Sotomayor and Jackson Write Dissents for Affirmative Action Case

Sonia Sotomayor, one of the three liberal justices on the Supreme Court, said in her dissenting opinion on the Harvard case that the court turned its back on 45 years of jurisprudence aimed at promoting more inclusive and equal schools, and that “the devastating impact of this decision cannot be overstated.”

“Today, this court stands in the way and rolls back decades of precedent and momentous progress,” she wrote, adding that the decision “cements a superficial rule of colorblindness as a constitutional principle in an endemically segregated society where race has always mattered and continues to matter.”
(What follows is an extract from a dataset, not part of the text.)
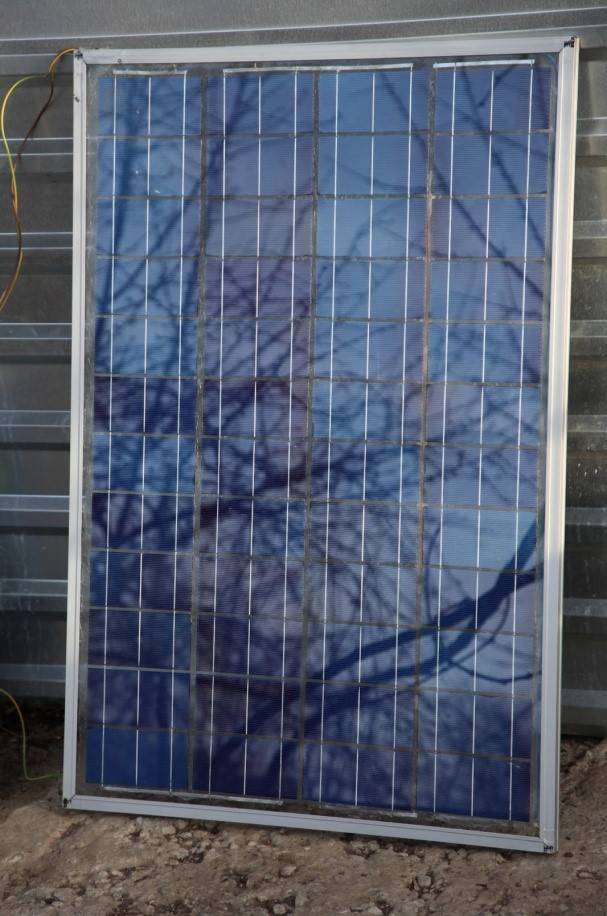 Comment fabriquer soi-même une batterie solaire: instructions étape par étape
The decision, she wrote, “subverts the constitutional guarantee of equal protection by further entrenching racial inequality in education, the very foundation of our democratic government and pluralistic society.”

Justice Sotomayor argued that the majority’s vision of race neutrality “will entrench racial segregation in higher education because racial inequality will persist so long as it is ignored.”

But despite her scathing language, Justice Sotomayor ended on a defiant note, writing that despite the court’s actions, “society’s progress toward equality cannot be permanently halted.”

“The pursuit of racial diversity will go on,” she wrote. “Although the court has stripped out almost all uses of race in college admissions, universities can and should continue to use all available tools to meet society’s needs for diversity in education.”

Another of the liberal justices, Ketanji Brown Jackson, wrote in her dissent that “it would be deeply unfortunate if the equal protection clause actually demanded this perverse, ahistorical, and counterproductive outcome.”

“To impose this result in that clause’s name when it requires no such thing, and to thereby obstruct our collective progress toward the full realization of the clause’s promise, is truly a tragedy for us all,” she wrote.

Both Justice Sotomayor and Justice Jackson criticized the majority for making an exception for military academies. Justice Jackson wrote that the majority concluded that “racial diversity in higher education is only worth potentially preserving insofar as it might be needed to prepare Black Americans and other underrepresented minorities for success in the bunker, not the boardroom.”